__Brief__.
Write out the listing below in full and exactly, leaving out every picture.

═══ Given material

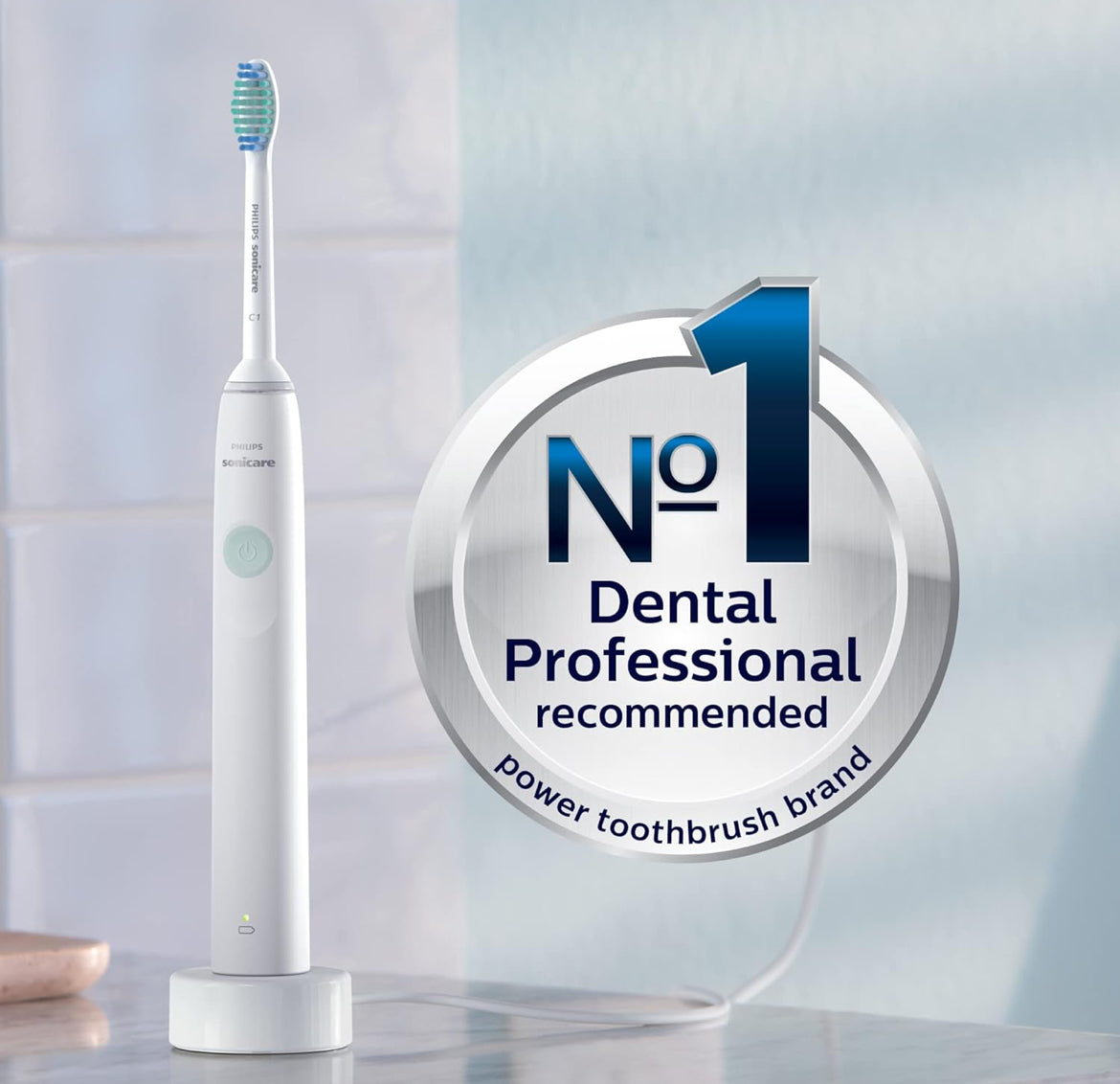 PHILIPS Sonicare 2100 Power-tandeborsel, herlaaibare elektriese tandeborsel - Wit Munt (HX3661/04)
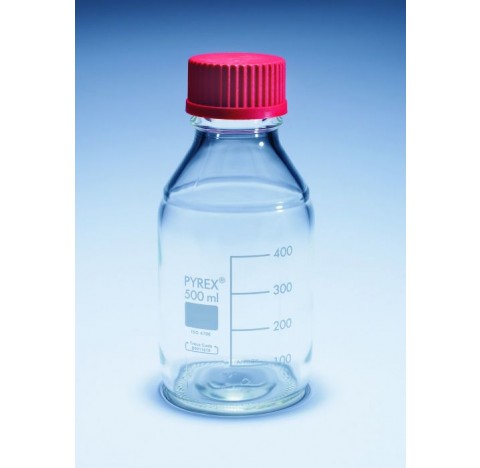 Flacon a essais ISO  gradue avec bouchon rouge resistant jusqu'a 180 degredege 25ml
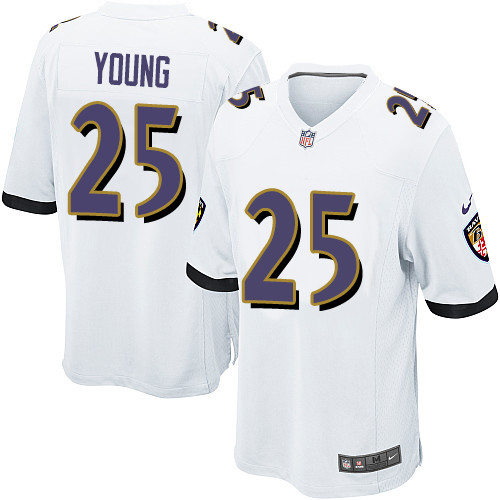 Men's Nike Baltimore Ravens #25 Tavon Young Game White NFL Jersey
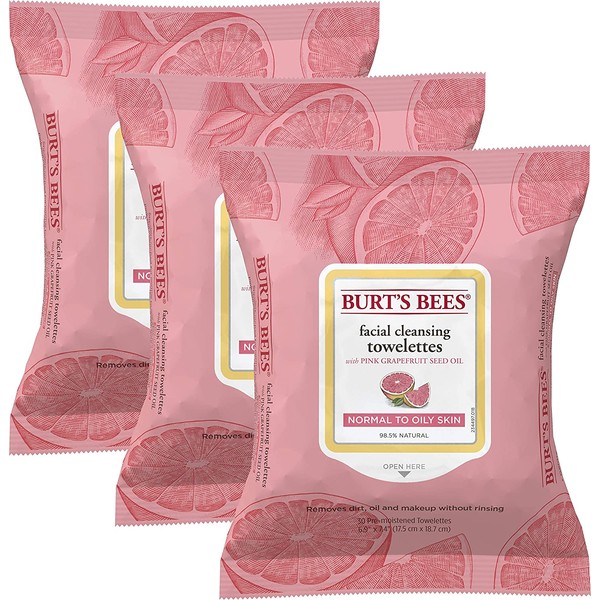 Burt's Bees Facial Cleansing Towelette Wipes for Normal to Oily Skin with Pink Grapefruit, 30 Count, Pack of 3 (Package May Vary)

══════

__Output of the exercise__.
 PHILIPS Sonicare 2100 Power-tandeborsel, herlaaibare elektriese tandeborsel - Wit Munt (HX3661/04)
 Flacon a essais ISO  gradue avec bouchon rouge resistant jusqu'a 180 degredege 25ml
 Men's Nike Baltimore Ravens #25 Tavon Young Game White NFL Jersey
 Burt's Bees Facial Cleansing Towelette Wipes for Normal to Oily Skin with Pink Grapefruit, 30 Count, Pack of 3 (Package May Vary)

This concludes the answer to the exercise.